* Exercise prompt *
The lines below, from the one holding "Unicorn Girl Digital" through the one holding "Adorable Ceramic Doll", are to be restated word for word, with all images left out.

* Given records *

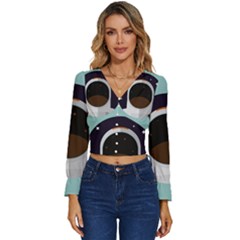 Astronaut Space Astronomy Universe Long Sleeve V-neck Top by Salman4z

--

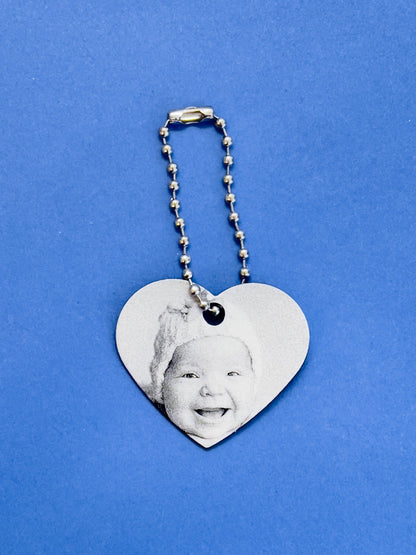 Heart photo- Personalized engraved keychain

...

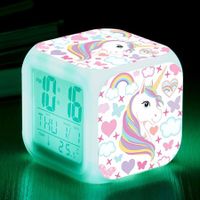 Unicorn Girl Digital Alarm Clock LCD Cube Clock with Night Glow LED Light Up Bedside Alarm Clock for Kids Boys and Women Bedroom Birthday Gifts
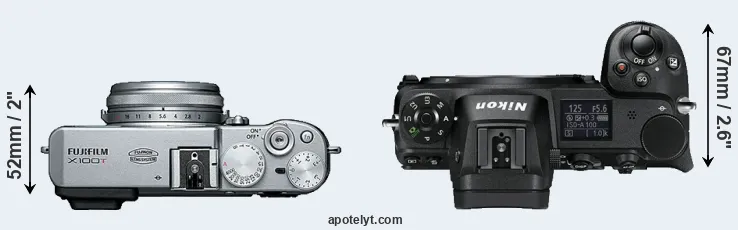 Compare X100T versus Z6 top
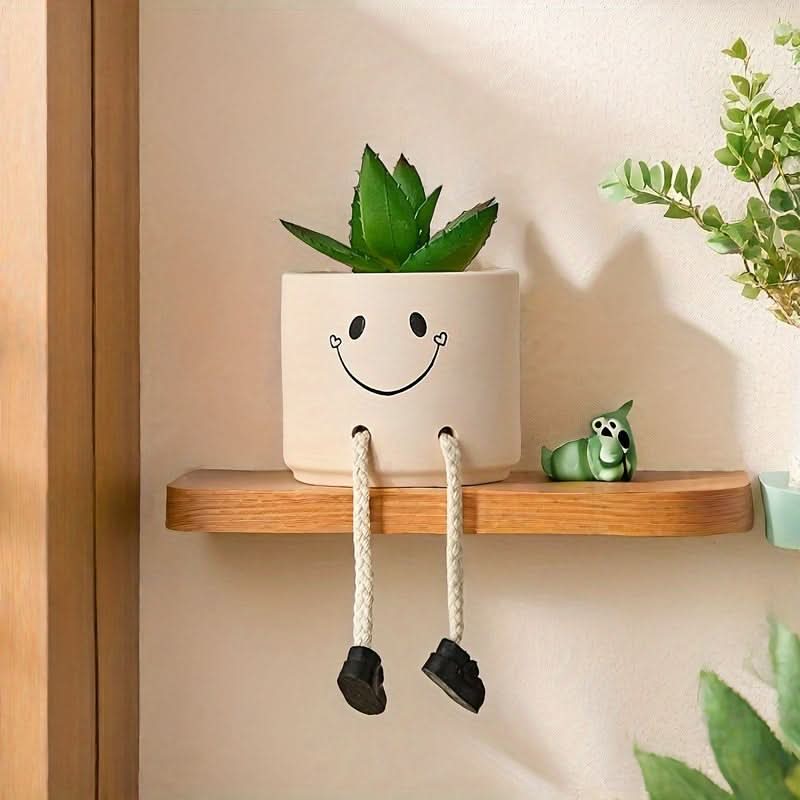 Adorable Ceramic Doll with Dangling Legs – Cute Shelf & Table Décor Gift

* Your solution *
 Unicorn Girl Digital Alarm Clock LCD Cube Clock with Night Glow LED Light Up Bedside Alarm Clock for Kids Boys and Women Bedroom Birthday Gifts
 Compare X100T versus Z6 top
 Adorable Ceramic Doll with Dangling Legs – Cute Shelf & Table Décor Gift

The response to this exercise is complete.